He took out a thick metal chain and started to wrap it around my ankles, locking it with a padlock. Then he wrapped one of the ends of the same chain around my right wrist.
“What are you doing?” I yelled.
“Shut up! We leave you here tonight.”
“Why are you doing this, Khalid? You said I was your sister. This is how you treat your sister?”
“Shut up! We leave you. You do not know what happen.” His voice was agitated, his eyes flashing.
“What’s wrong, Khalid?” I said softly, tears in my eyes. “Tell me. Don’t just do this to me without telling me anything. What is wrong?”
He stared at me for a while. “You don’t know anything. I have bad thing happen. You no understand.”
“Then tell me. Help me understand. What happened?”
He was getting impatient with me and then spat it out. “My mother die! Okay? My mother die!”
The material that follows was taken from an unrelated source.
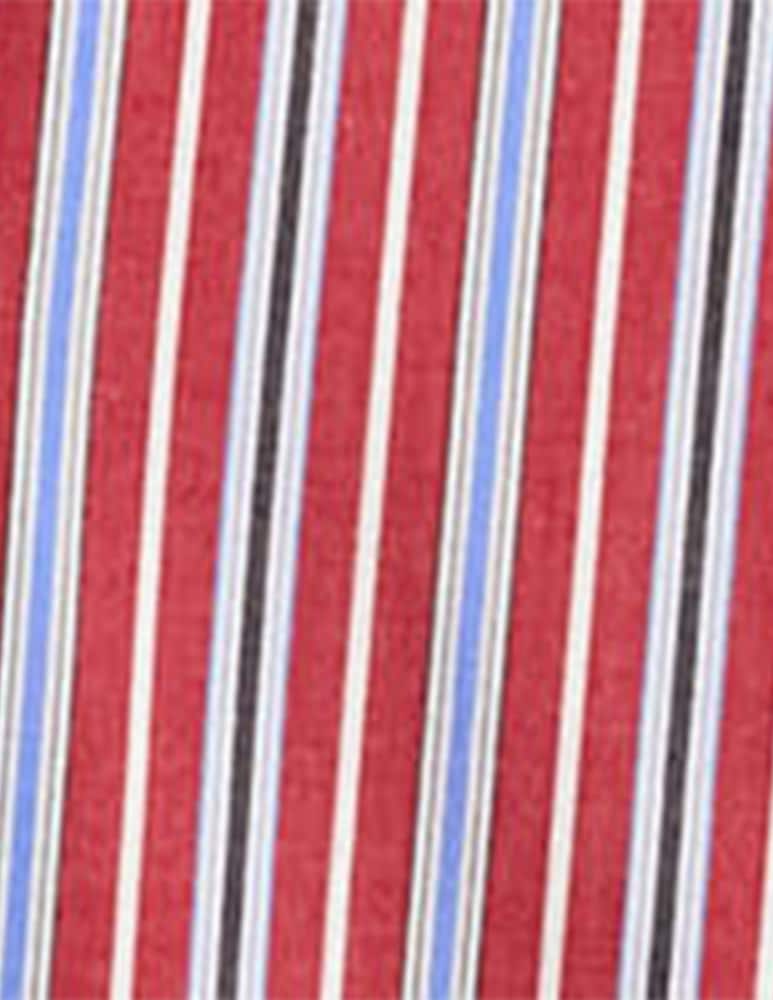 rinascente Polo Ralph Lauren Pantaloni pigiama a righe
I didn’t know what to say. I was so disappointed not to be leaving that night that I was at a loss for words at that moment. So I said the only thing I could think of under the circumstances. “I’m sorry, Khalid. I’m so sorry. What happened?”
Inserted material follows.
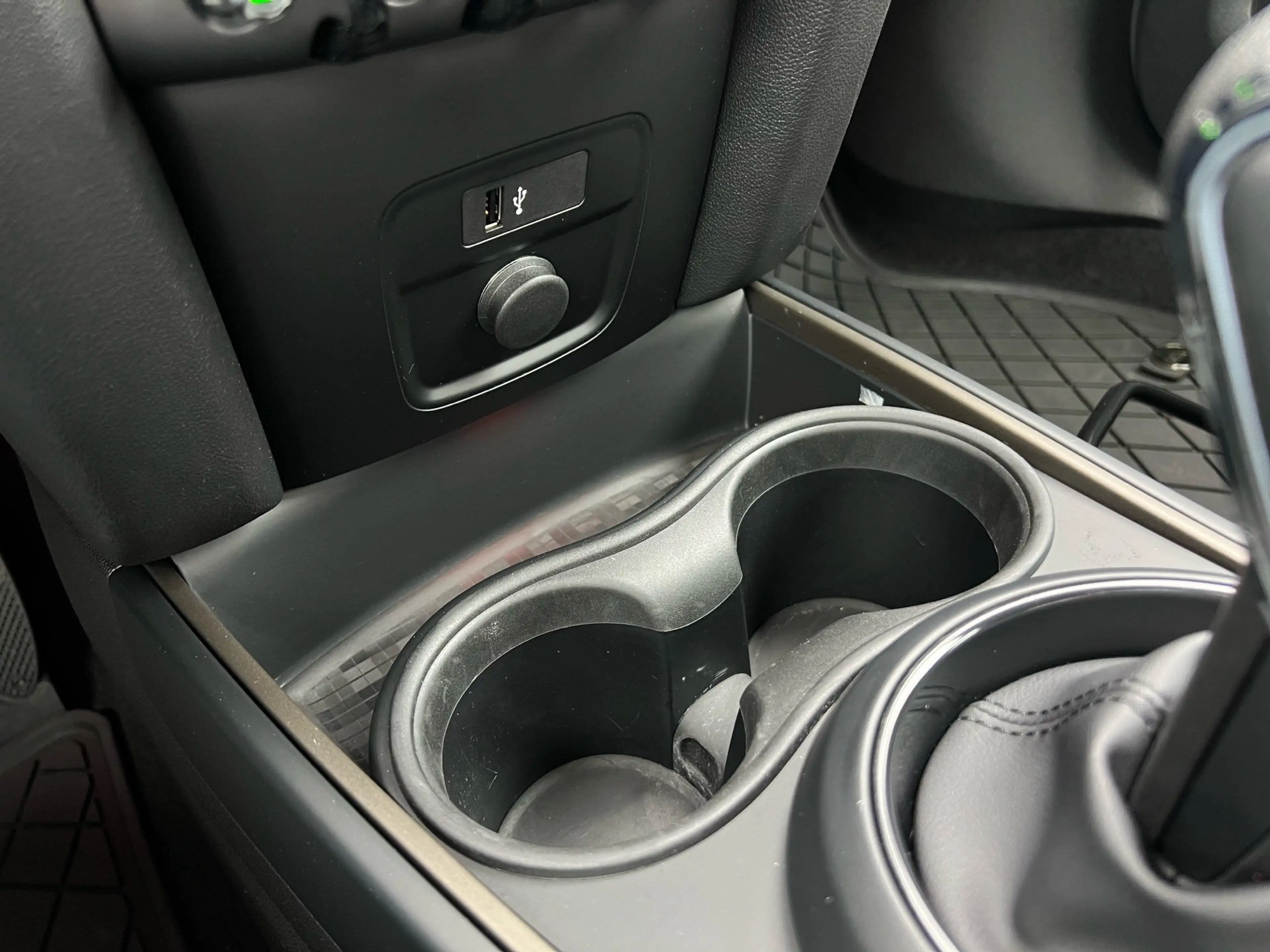 MINI Cooper Countryman DAB RFK Navi Tempomat Shz LED — photo 20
He seemed taken aback, and told me again only that she had died.
“I didn’t know she was sick, Khalid,” I said, hoping to start a conversation again. If I was going to have to stay in the hole, I wanted the chain off my ankles. They were already starting to press into my flesh. He didn’t respond for several seconds, just stared at the chain around my feet.
“We leave you here. If you call, we will hear you. You know the house—we are there, okay? We are there. If you call, I will come down and I will kill you.”
“Khalid, please! Take the chain off. It hurts. I’m not going anywhere. Where can I go anyway? Please, don’t make me wear them. Please.”
“Shut up,” he said. “I will kill you if you call out.” And then he crawled out of the hole.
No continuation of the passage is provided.